'Birds of Passage'
Imagine “The Sopranos” with indigenous Colombians and you get a sense of what’s afoot in “Birds of Passage,” a soulful and hard-hitting crime drama that takes gangster tropes to a new and fascinating place.
Directors Ciro Guerra (“Embrace of the Serpent”) and Cristina Gallego — who divorced during the making of this film — begin in the 1960s in Colombia, specifically in the Guajira region in the north, home to the indigenous Wayuu people. For one clan, the matriarch Úrsula (Carmiña Martinez) who maintains the traditions of her people.
Úrsula’s the one who advises the young Zaina (Natalia Reyes) before she hears from the suitors seeking to marry her. She’s the one who carries the talisman that protects the family. She’s the one who interprets the dreams that foretell her family’s future. And, jumping ahead a bit, she’s the one who orders a hit on a drug-dealing outsider.

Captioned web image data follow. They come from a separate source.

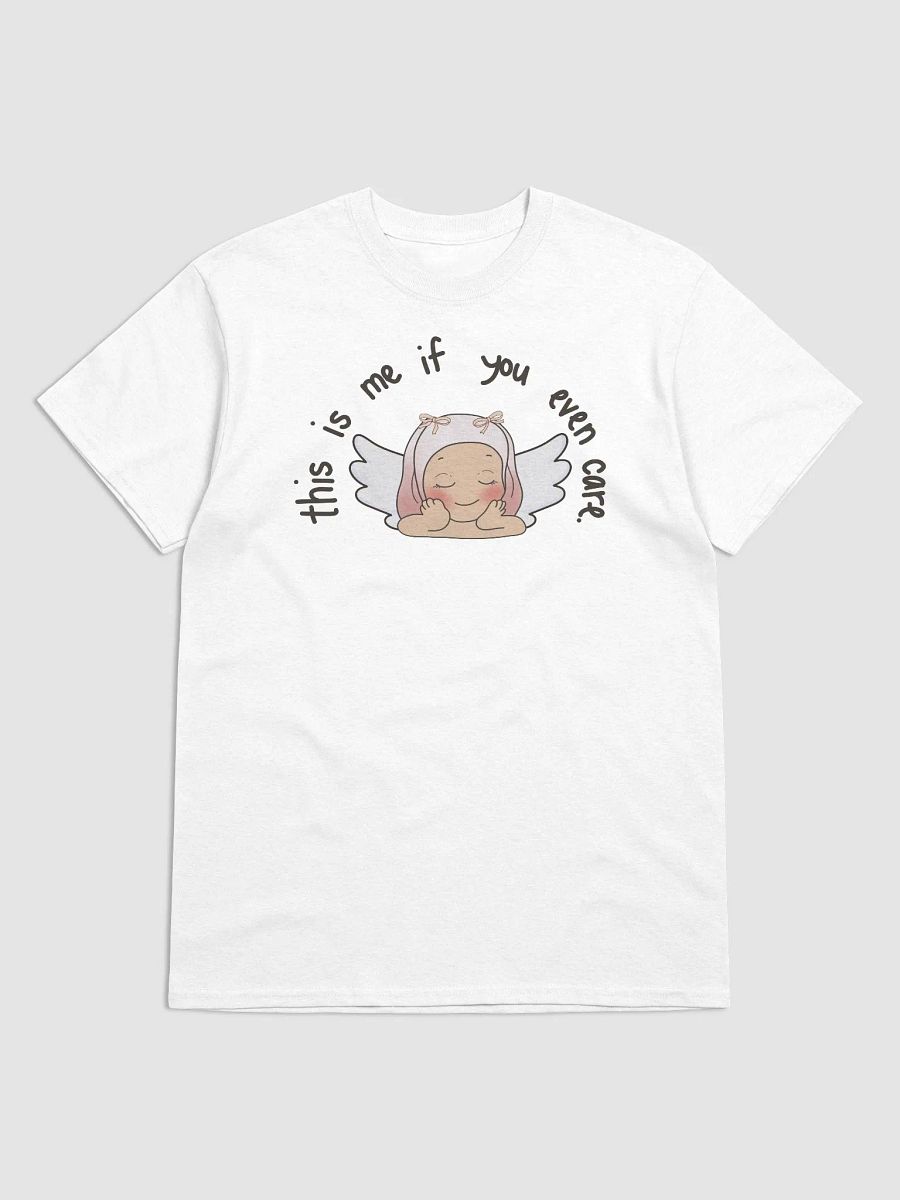 this is me pink angel tee ꒰ঌ ໒꒱ product image (1)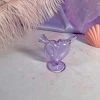 Burning Love Joint Accessories Mini Heart Bubbler- Lavender 2 Burning Love Joint Accessories Mini Heart Bubbler- Lavender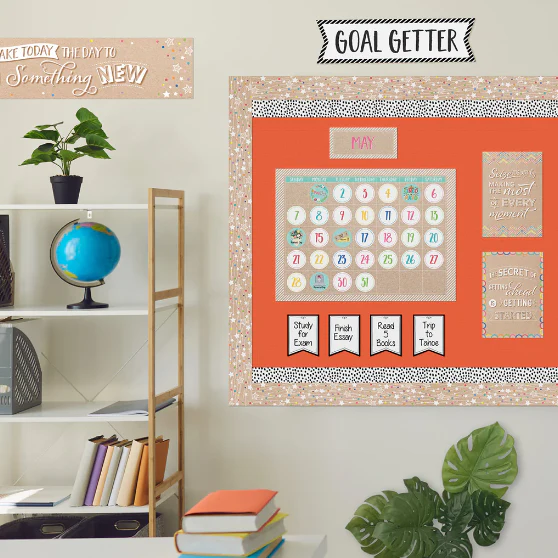 Krafty Pop Calendar Set Bulletin Board - Image 4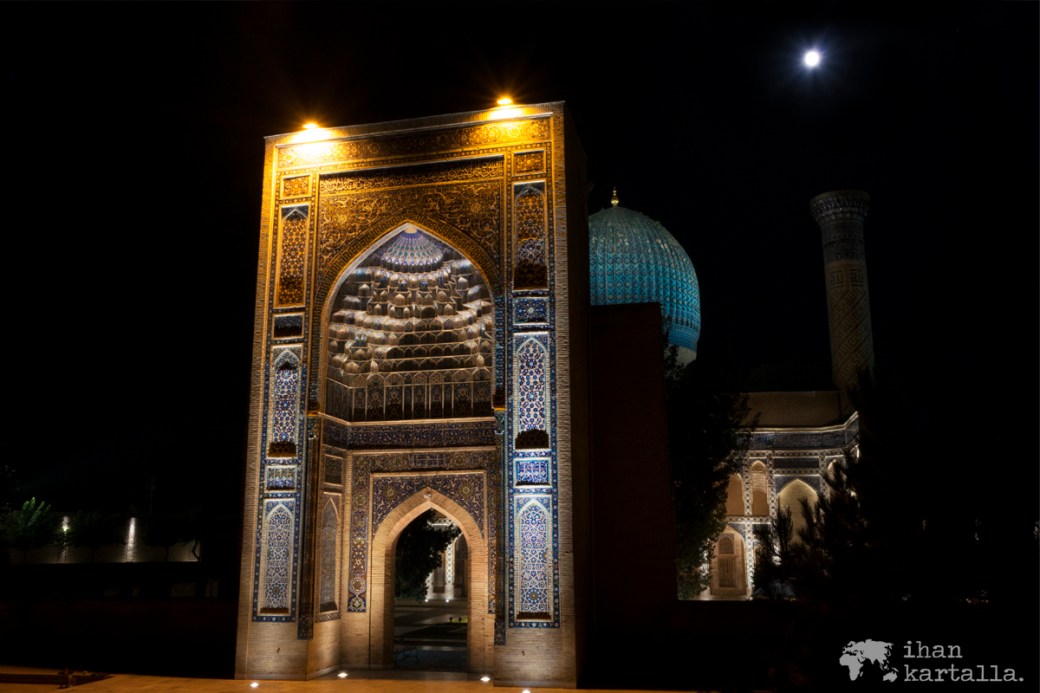 7-7 uzbekistan samarkand gur-e-amir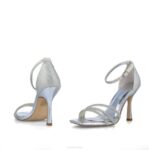 lepus vrouwen Menbur 0RLN2734 zilver sandalen - Image 4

It’s the Americans, specifically a group of hippie-ish Peace Corps volunteers, who put Úrsula’s people on the bloody path of drug dealing. The Americans hear the Colombians have marijuana, and Zaina’s new husband Rapayet (José Acosta) arranges to sell some to them. He soon jumps into the lucrative business of selling a lot of marijuana to Americans, borrowing from his uncle Anibal () to get a foothold, and partnering with his friend Moisés (Jhon Narváez) — an outsider to the Wayuu, an “Alijunas” — to sell bundles of pot and fly it north to America.
Soon Rayapet and Moisés are rolling in money, but with that comes recklessness. When Moisés starts waving guns around, and killing people who get in his way, Úrsula orders the reluctant Rayapet to kill his business partner.

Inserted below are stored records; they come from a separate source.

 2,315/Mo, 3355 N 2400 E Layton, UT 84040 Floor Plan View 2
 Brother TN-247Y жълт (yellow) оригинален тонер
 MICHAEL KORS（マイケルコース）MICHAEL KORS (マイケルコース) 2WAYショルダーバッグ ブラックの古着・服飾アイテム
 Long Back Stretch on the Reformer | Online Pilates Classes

The story moves forward to Rayapet, Zaina and their kids living in luxury, with Úrsula living with them. But there is trouble, when a drunken cousin Leonidas (Greider Meza) commits a grave offense against Anibal’s family. Because of pride and an inability to apologize, a gang war becomes inevitable.
Gallego and Guerra, who handed their story idea to screenwriters Maria Camila Arias and Jacques Toulemonde Vidal, work in the classic themes of the gangster saga. Small crimes grow to big ones, just as money and power grow into callous arrogance. People talk of the family — in this case, the ways of the Wayuu clans — but those values become corrupted and distorted by greed.

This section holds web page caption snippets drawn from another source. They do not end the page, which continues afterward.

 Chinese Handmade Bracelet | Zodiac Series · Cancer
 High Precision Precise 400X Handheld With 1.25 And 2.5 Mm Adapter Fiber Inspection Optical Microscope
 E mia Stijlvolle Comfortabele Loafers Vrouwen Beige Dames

“Birds of Passage” boasts a talented ensemble, including some fascinating character actors — none more intriguing as José Vicente Cote as Peregnino, the craggy “word messenger” who acts as an envoy between the warring families. The cast carries the burden of a people who put their tradition in conflict with their ambition, and who must live with — and die because of — the consequences.
——
‘Birds of Passage’
★★★1/2
Opened February 13 in select cities; opens Friday, March 8, at the Broadway Centre Cinemas (Salt Lake City). Not rated, but probably R for gun violence, nudity, sexual content, drug content and language. Running time: 125 minutes; in Wayuu and Spanish, with subtitles.